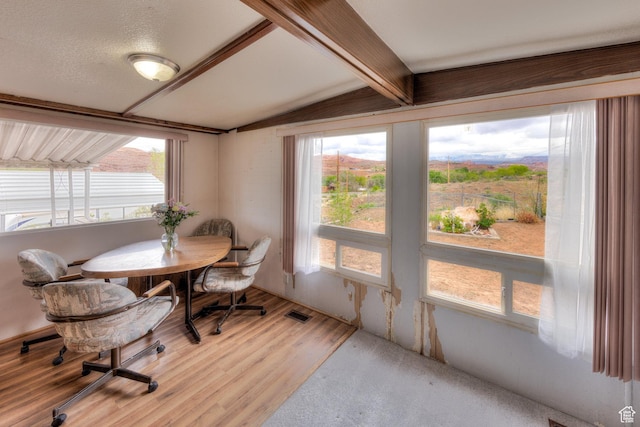 1575 Rocky Rd, Moab, UT 84532 - dining room with lofted ceiling with beams, plenty of natural light, and light wood-type flooring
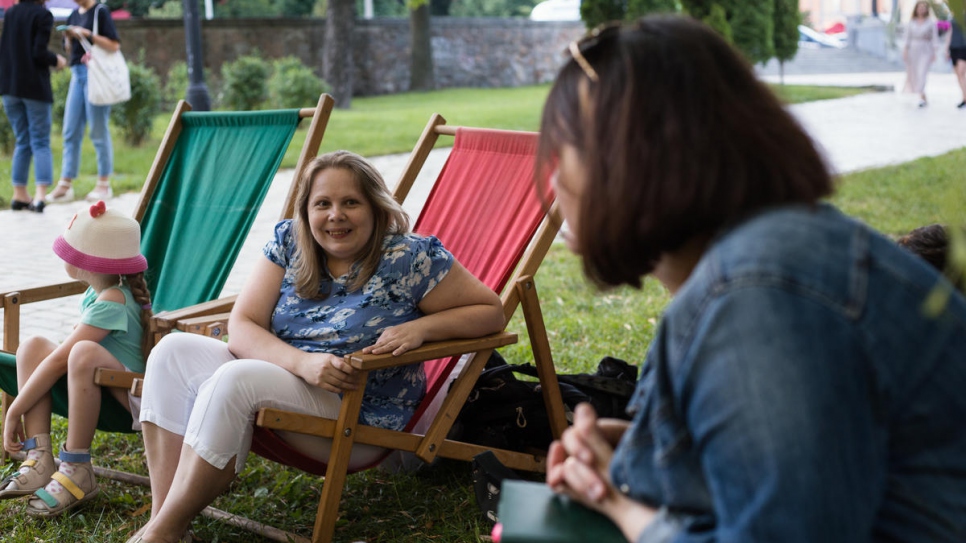 Kateryna Ryazantseva, who is with her daughter Anastasia, talks about her son, Dmytro, who has an intellectual disability,. They are at an event in Shevchenko Park, Kyiv, organised by Tetiana Baransova.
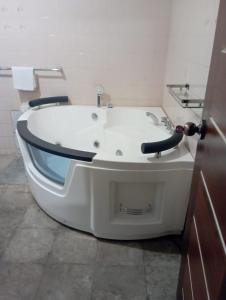 a white bath tub in a bathroom with a sink at Country Homes Srilanka in Mount Lavinia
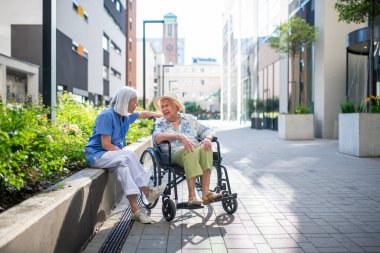 Tekerlekli sandalyedeki kıdemli hasta, kadın bakıcısıyla konuşuyor..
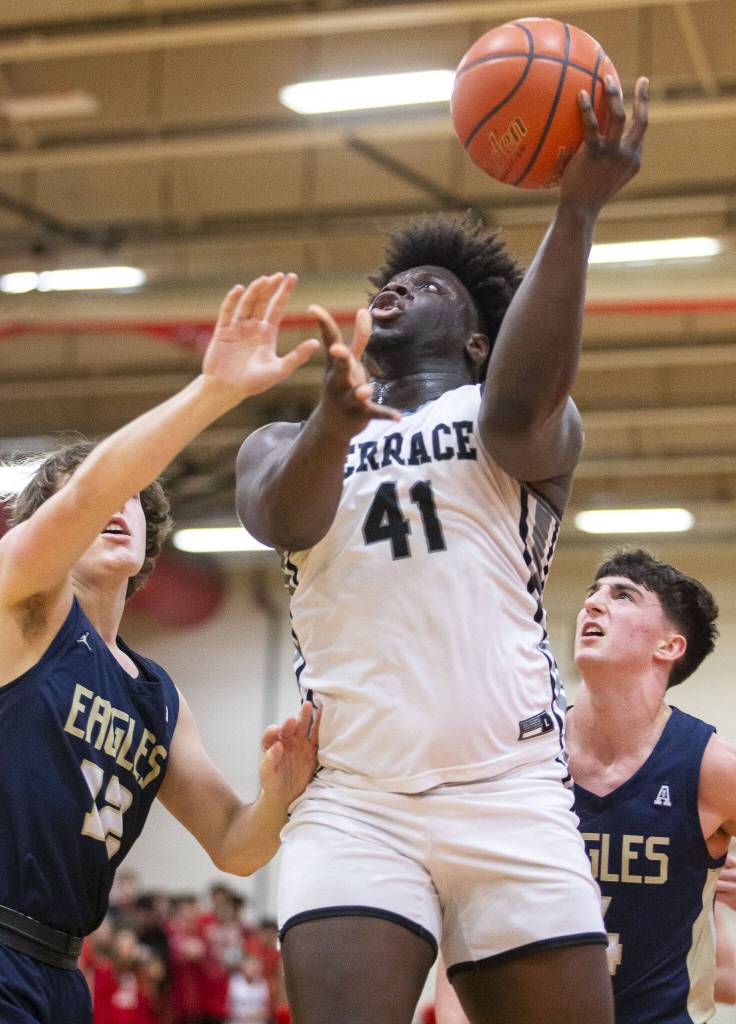 Mountlake Terraces Zaveon Jones attempts a layup during the 3A boys district championship game against Arlington on Saturday, Feb. 17, 2024 in Marysville, Washington. (Olivia Vanni / The Herald)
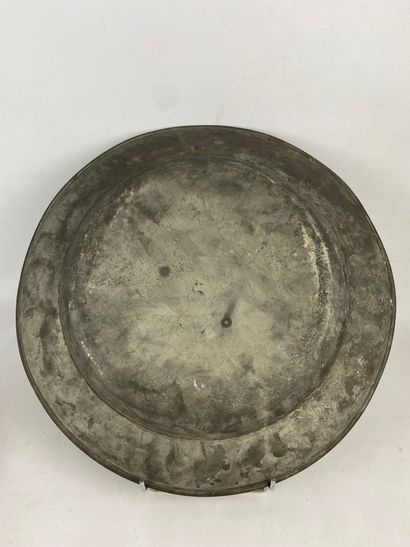  Large circular pewter dish with engraved and chased decoration of an allegory of...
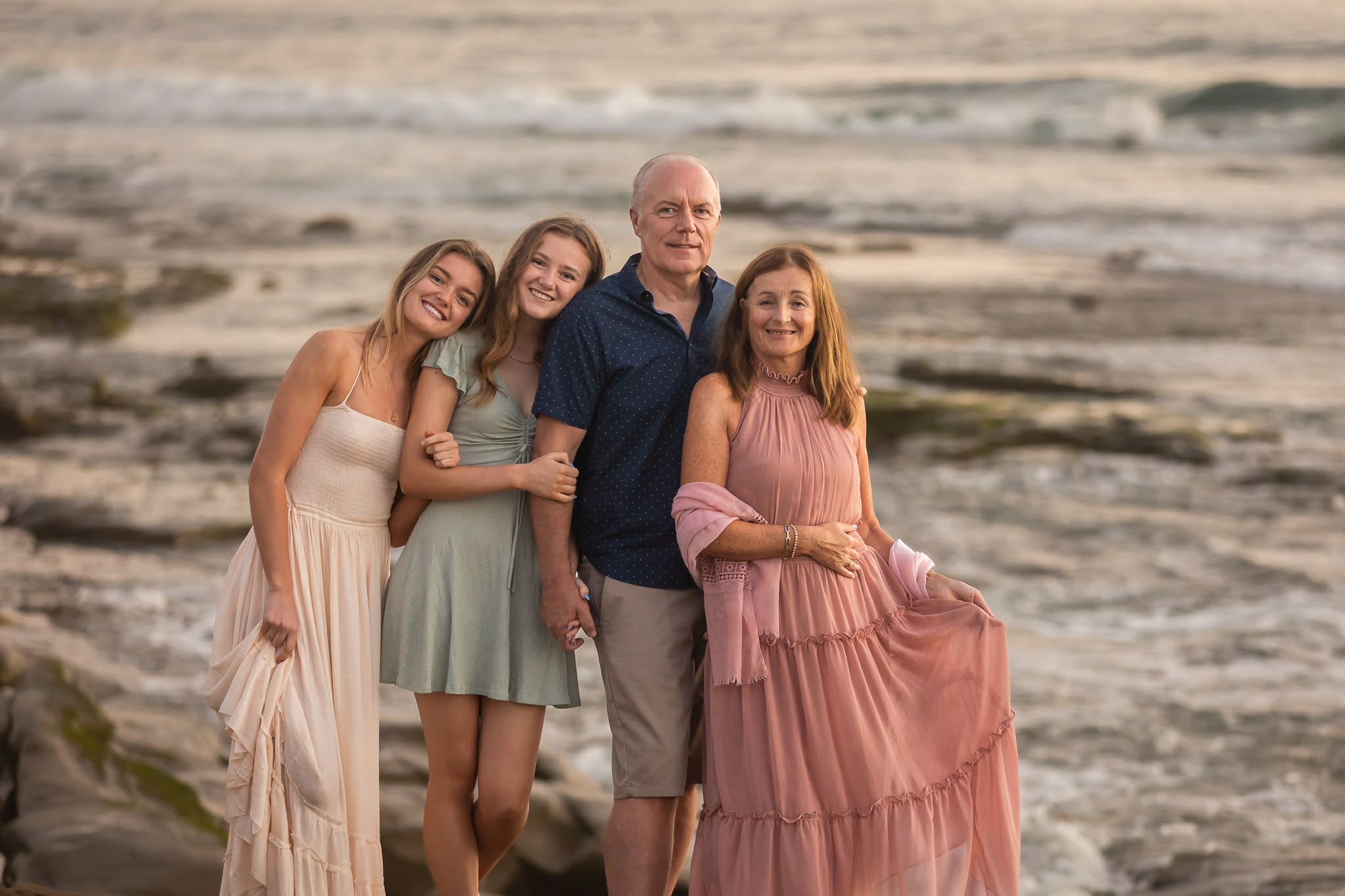 Family with teen girls on La Jolla beach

• • • • •

_Work item:_
Using the data above, retype exactly and only the lines from the one containing "a white bath" up to and including the one containing "Tekerlekli sandalyedeki kıdemli", with no pictures carried over.

_Result for this task:_
 a white bath tub in a bathroom with a sink at Country Homes Srilanka in Mount Lavinia
 Tekerlekli sandalyedeki kıdemli hasta, kadın bakıcısıyla konuşuyor..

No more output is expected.